Life expects it of you. Message from a beast named, Karma…suck it up!

Unless you’ve been living in a cave somewhere, you’ve heard of the latest craze.

Positive thinking.

Think positive and the Universe will deliver to you all your desires. The experts like to call it the Law of Attraction.

Are you freaking kidding me?

Yeah, okay, so I’m the biggest sucker in the world. I went out and bought all the books I could find on the subject (I even read them), attended the Metaphysical Fair in town, bought my magic crystals, burned that incense, and I even gave the whole abundance-journal thing a shot. I watched The Secret. I did my grateful-awareness exercises.

I give to charities. I like to think I’m a friendly sort of person, I have no problem approaching or helping a stranger when needed.

Am I rubbing the crystals counter-clockwise when they are supposed to be rubbed clockwise?

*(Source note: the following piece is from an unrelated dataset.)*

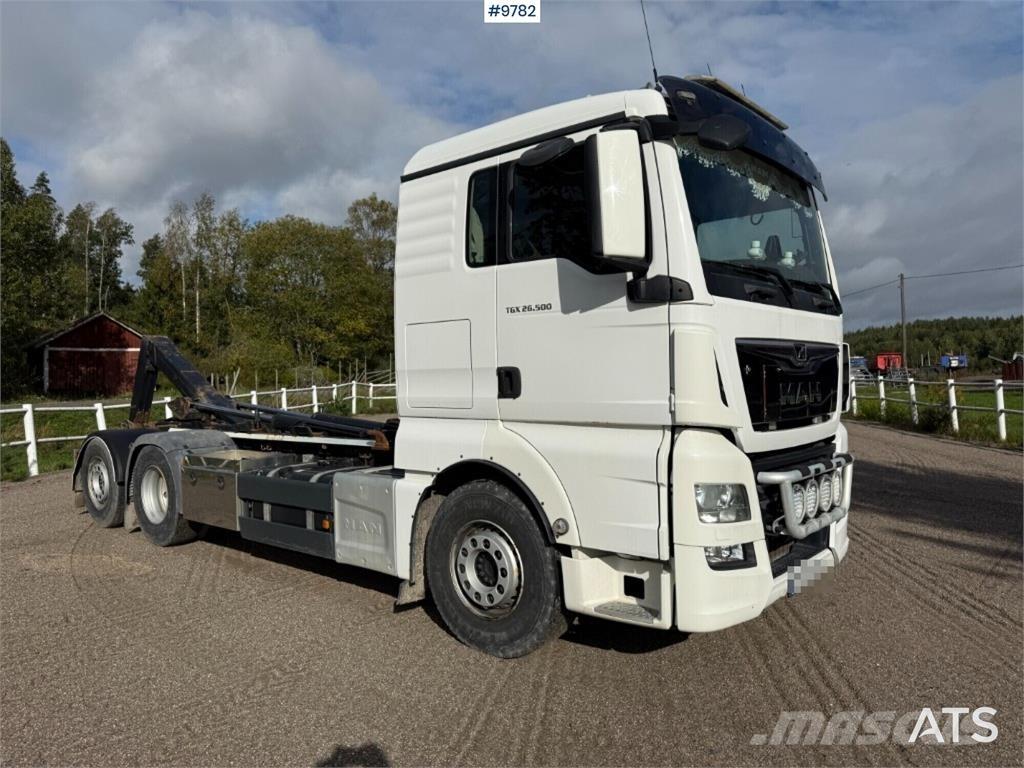 MAN TGX 26.500 6X2 Hakowce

Did I read the books from left to right instead of right to left? Was there a hidden message in there if played backwards?

What am I doing wrong?

Yes, I do appreciate when I’ve been handed something nice in life. Unfortunately, it’s the bad things that sneak up on you, sucker punch you between the eyes and leave the lasting impression.

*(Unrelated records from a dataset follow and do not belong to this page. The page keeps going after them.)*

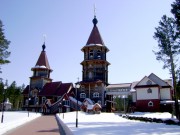 Церковь Благовещения Пресвятой Богородицы в Саянске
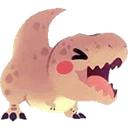 cutelittledino Slack emoji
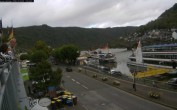 Archiv Foto Webcam Cochem Uferpromenade - Blick auf die Mosel 08:00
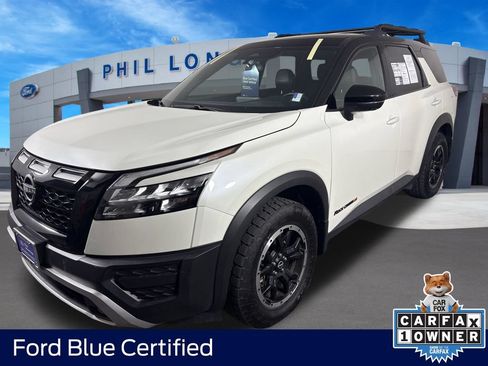 Used 2024 Nissan Pathfinder Rock Creek AWD/4WD image 1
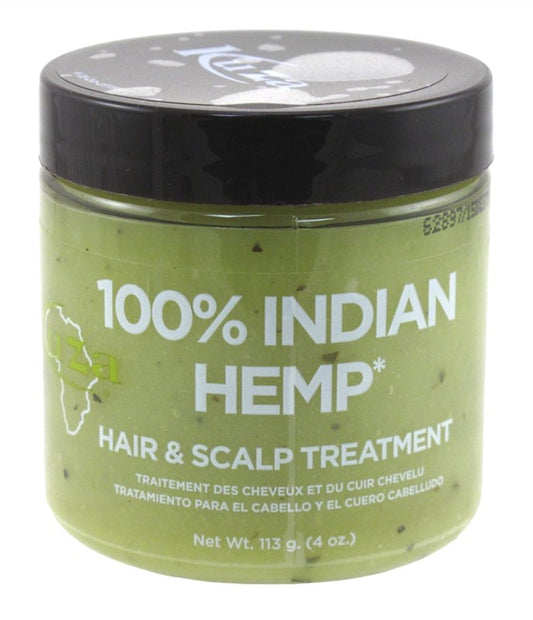 Kuza Indian Hemp Hair & Scalp Treatment 4oz Jar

The nice things in life don’t leave mental bruises, bruises that keep coming back to haunt you with “ouch! that hurt and I don’t want that to happen again” moments!

Nice things make you smile, be happy for a few seconds, then leave you vulnerable for that sucker punch between the eyes.

Deep down, I’m a believer that things happen for a reason. Call it Fate. Call it Karma…whatever. I have experience, and in my experience bad things happen to make you appreciate the good things…when they happen.

Unfortunately, you have to survive the bad things.

A fact of life.

A nice twist in the scheme of things? Anytime something bad happens – and everybody has their own definition of what is “bad” – tell yourself something really good is about to happen. It gives you something to look forward to.

And if you really want to give yourself a pep talk in bad times, think of it this way: the more awful the “bad” stuff, the better the “good” stuff on its way!

Right?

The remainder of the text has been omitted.